Strange how intimacy and intimidation sound so similar yet have contrasting definitions and manifest themselves at different stages.
How can one become so intimidated to refrain from speech while becoming too intimate to speak or even breathe without the other person? Then moving to the latter of complete intimidation where fear of memory , comfort or complete cowardice leads you to become the strangers you once were?
Life is so complex, the older I become, the less I grasp it. It can be so familiar, so fulfilling and at times, so foreign and disconnected.
I've lived life in two extremes- in each forgetting who I was or what I learned. Life has two dimensions- solitude/deficit and abundance.
In each stage, I crave the experience I once had. To share a life of love, happiness and comfort does not allow for a life of freedom, discomfort and unfamiliarity. Life requires a constant sacrifice and cutting of spokes in order to experience each of the two at separate times. Fear conditions courage to face the unknown.
The sweet ain't as sweet without the sour, but when the sour is too extreme, there lies no hope for the sweet. You begin settling in a life of destitution from the ideas and hopes you once had. How can you grow when you've been so cut off from the things that encouraged and reassured you of who you were and who you wanted to be?
Memories then become trite when you forget the reasons and the emotions that triggered them.
Striving a new chapter, I shut them out, and forget how they happened and how they molded me.
Climbing pine trees, building tree houses. Sitting on top of that cliff in the grand canyon, all alone, so insignificant but feeling so beautiful to be a part of this life- of the little things that get so masked by the things that are irrelevant.

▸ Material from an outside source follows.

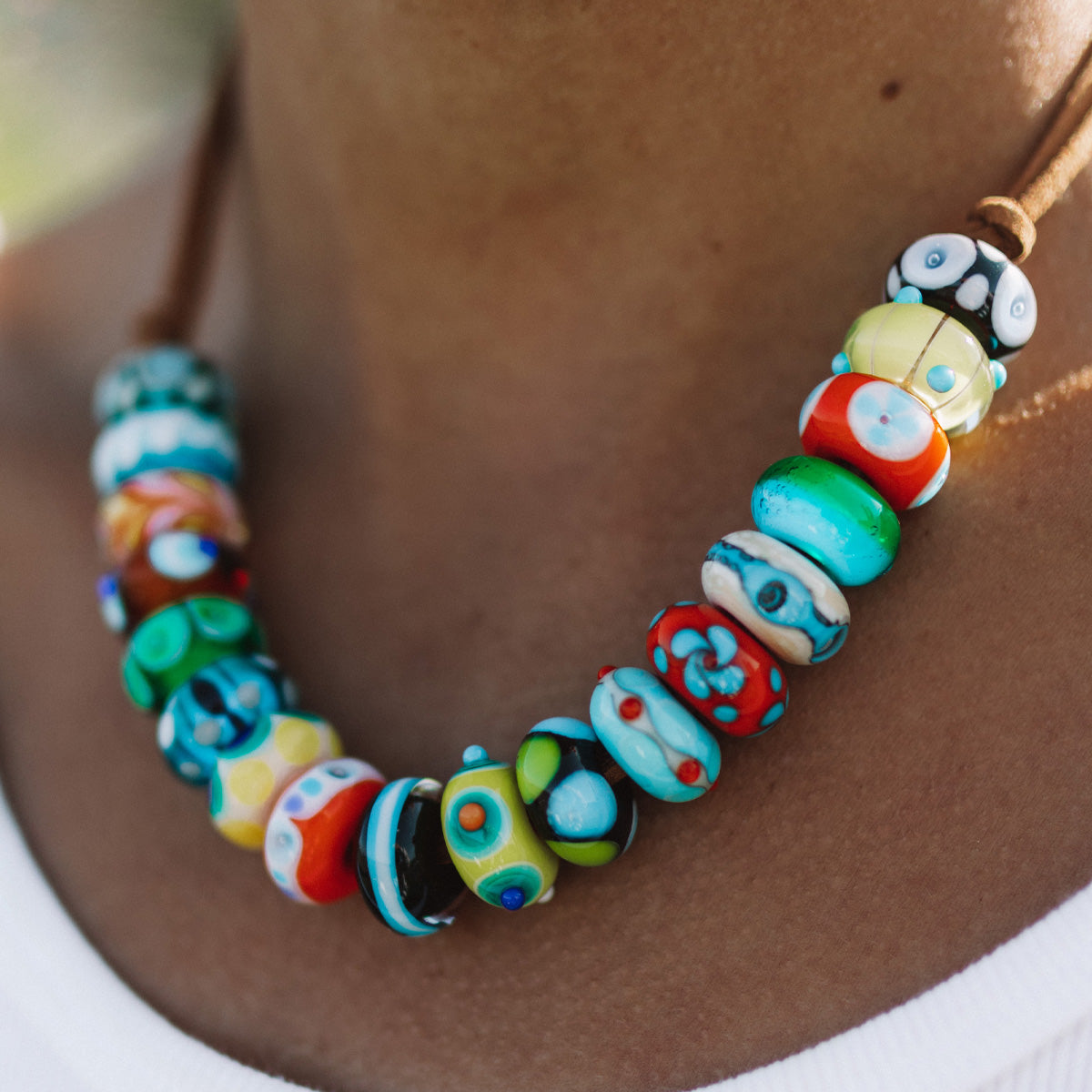 Colourful glass bead necklace representing worldwide travel destinations.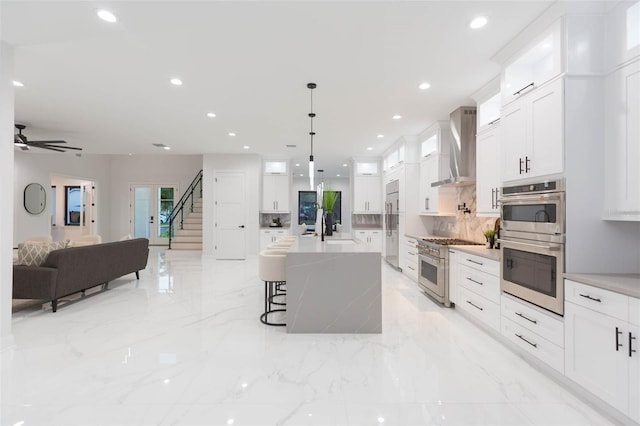 716 S Lois Ave, Tampa, FL 33609 - kitchen with wall chimney exhaust hood, premium appliances, open floor plan, backsplash, and a breakfast bar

I know what it's like to feel that- so fulfilled, so healed so unbroken by the simplest of things that mean the world to you at that moment. Empty of the pollution and muck I am immune to and full of the purity and beauty of the unfamiliar.
I've seen things I should never forget- things that are fully mine that no one can share in similar interpretation and perspective.
Beauty of the pure life- of the things you can never retrace.
Memories are a gift and a fault. They can cause pain and ecstacy. Bask in them regardless. They define every nook of our being. They possess the power of identity and hold the code of growth.